I’ve said similar in another thread[1]:
Sandboxes will be left in 2026. We don't need to reinvent isolated environments; not even the main issue with OpenClaw - literally go deploy it in a VM* on any cloud and you've achieved all same benefits. We need to know if the email being sent by an agent is supposed to be sent and if an agent is actually supposed to be making that transaction on my behalf. etc
——-
Unfortuently it’s been a pretty bad week for alignment optimists (meta lead fail, Google award show fail, anthropic safety pledge). Otherwise… Cybersecurity LinkedIn is all shuffling the same “prevent rm -rf” narrative, researchers are doing the LLM as a guard focus but this is operationally not great & theoretically redundant+susceptible to same issues.
The strongest solution right now is human in the loop - and we should be enhancing the UX and capabilities here. This can extend to eventual intelligent delegation and authorization.
[1] https://news.ycombinator.com/threads?id=ramoz&next=47006445
* VM is just an example. I personally have it running on a local Mac Mini & docker sandbox (obviously aware that this isnt a perfect security measure, but I couldnt install on my laptop which has sensitive work access).
> I’ve said similar in another thread[1]
Me too, at [1].
We need fine-grained permissions at online services, especially ones that handle money. It's going to be tough. An agent which can buy stuff has to have some constraints on the buy side, because the agent itself can't be trusted. The human constraints don't work - they're not afraid of being fired and you can't prosecute them for theft.
In the B2B environment, it's a budgeting problem. People who can spend money have a budget, an approval limit, and a list of approved vendors. That can probably be made to work. In the consumer environment, few people have enough of a detailed budget, with spending categories, to make that work.
Next upcoming business area: marketing to LLMs to get them to buy stuff.

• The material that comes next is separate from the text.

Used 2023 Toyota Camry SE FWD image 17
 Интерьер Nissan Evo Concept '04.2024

> meta lead fail, Google award show fail
Can I get some links / context on this please
> literally go deploy it in a VM on any cloud
Sure, but now you're adding extra cost, vs just running it locally. RAM is also heavily inflated thanks to Sam Altman investment magic.

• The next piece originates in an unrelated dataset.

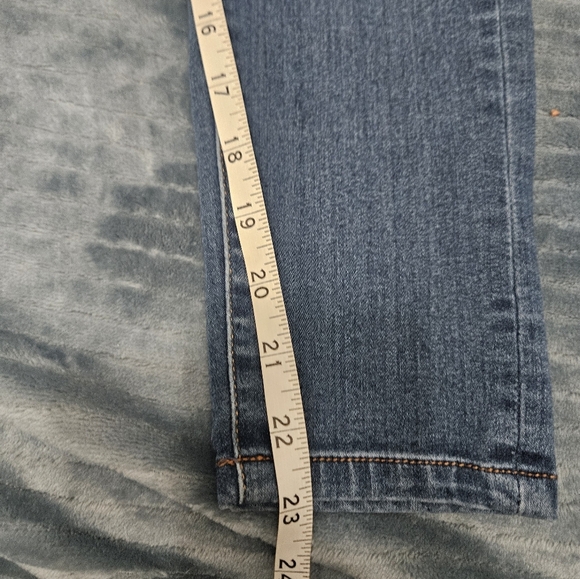 Celebrity Pink Cropped Jeans! - Picture 8 of 8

> We need to know if the email being sent by an agent is supposed to be sent and if an agent is actually supposed to be making that transaction on my behalf. etc
At the same time, let's not let the perfect be the enemy of good.
If you're piloting an aircraft, yeah, you should have perfection.

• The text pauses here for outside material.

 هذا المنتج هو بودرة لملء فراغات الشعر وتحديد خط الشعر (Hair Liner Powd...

But if you're sending 34 e-mails and 7 hours of phone calls back and forth to fight a $5500 medical bill that insurance was supposed to pay for, I'd love for an AI bot to represent me. I'd absolutely LOVE for the AI bot to create so much piles of paperwork for these evil medical organizations so that they learn that I will fight, I'm hard to deal with, and pay for my stuff as they're supposed to. Threaten lawyers, file complaints with the state medical board, everything needs to be done. Create a mountain of paperwork for them until they pay that $5500. The next time maybe they'll pay to begin with.
What could "human in the loop" be here but just literally reading your own emails?
> We need to know if the email being sent by an agent is supposed to be sent and if an agent is actually supposed to be making that transaction on my behalf. etc
Isn’t this the whole point of the Claw experiment? They gave the LLMs permission to send emails on their behalf.
LLMs can not be responsibility-bearing structures, because they are impossible to actually hold accountable. The responsibility must fall through to the user because there is no other sentient entity to absorb it.
The email was supposed to be sent because the user created it on purpose (via a very convoluted process but one they kicked off intentionally).